▶ [Dataset excerpt]
Content starts
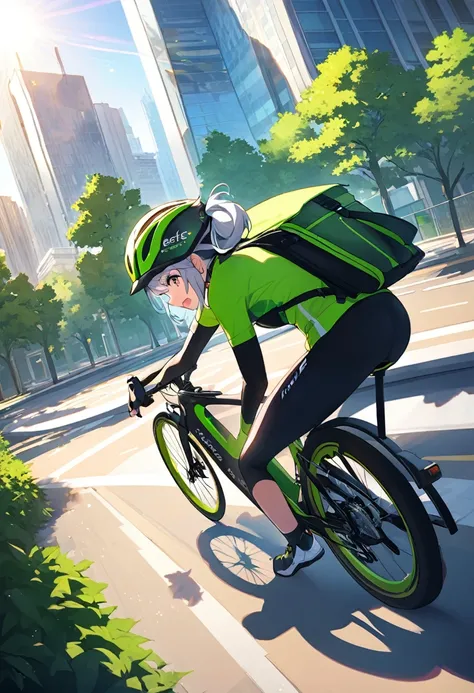 Light blue long hair、A beautiful twin-tailed Uber Eats delivery girl、Uber Eats delivery backpack on his back、Focusing on delivery. Wearing sporty green and black cycling clothing with goggles, Holding an action camera while riding a green delivery bike. Ur...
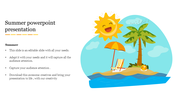 Summer themed slide featuring a bright sun, beach scene, palm trees, and a lounge chair with an umbrella and text area.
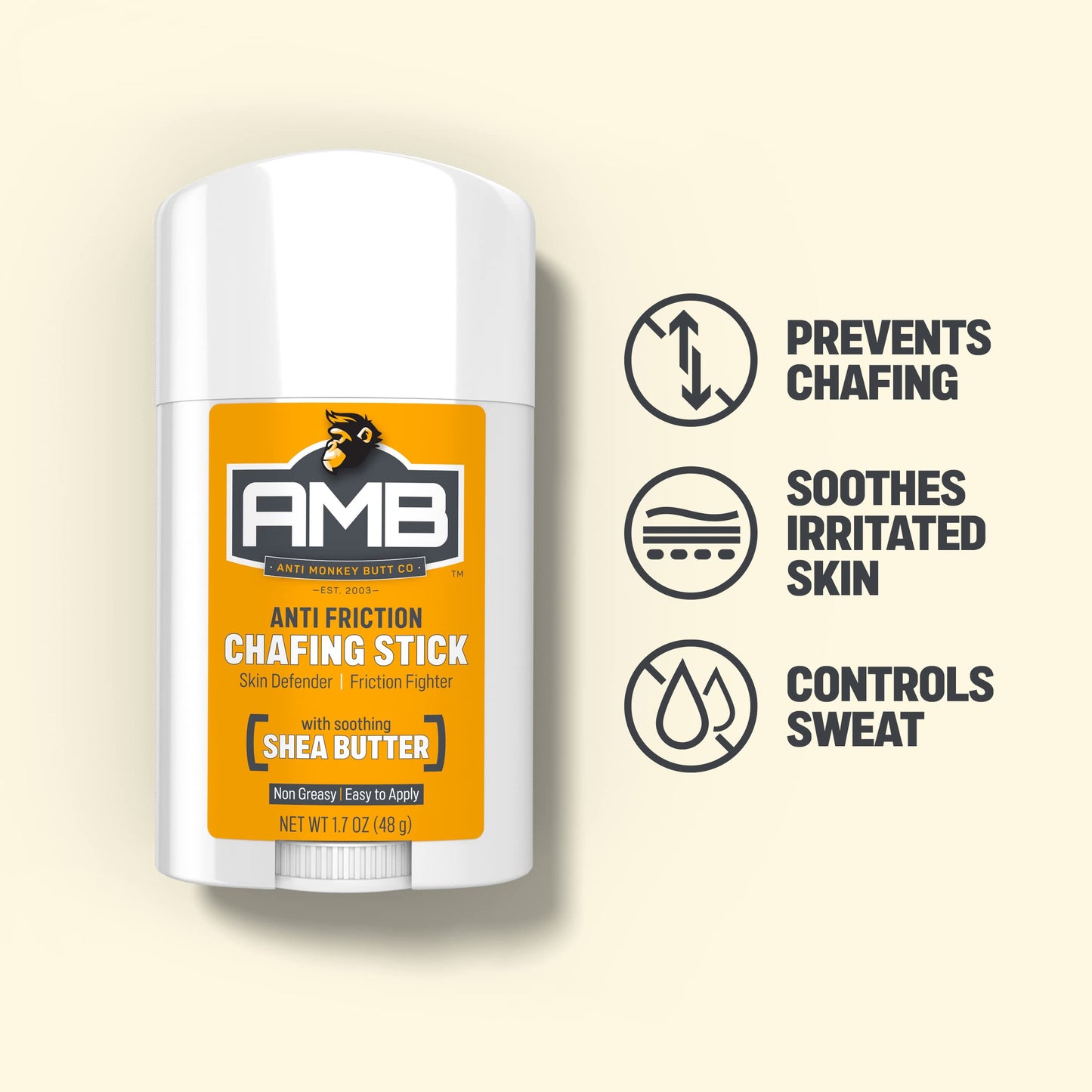 Anti Monkey Butt Anti Chafing Stick - Body Glide Stick for Thigh Chafing, Friction, & Irritation Relief - Mess-Free Anti Chafe Balm with Shea Butter & Almond Oil for Daily Skin Comfort - 1.7 oz
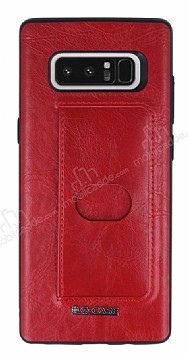 G-Case Majesty Series Samsung Galaxy Note 8 Deri Desenli Krmz Rubber Klf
Content ends
▶ [Problem description] For each line above, output its wording exactly and leave out any picture.

▶ [Output for this task]
 Light blue long hair、A beautiful twin-tailed Uber Eats delivery girl、Uber Eats delivery backpack on his back、Focusing on delivery. Wearing sporty green and black cycling clothing with goggles, Holding an action camera while riding a green delivery bike. Ur...
 Summer themed slide featuring a bright sun, beach scene, palm trees, and a lounge chair with an umbrella and text area.
 Anti Monkey Butt Anti Chafing Stick - Body Glide Stick for Thigh Chafing, Friction, & Irritation Relief - Mess-Free Anti Chafe Balm with Shea Butter & Almond Oil for Daily Skin Comfort - 1.7 oz
 G-Case Majesty Series Samsung Galaxy Note 8 Deri Desenli Krmz Rubber Klf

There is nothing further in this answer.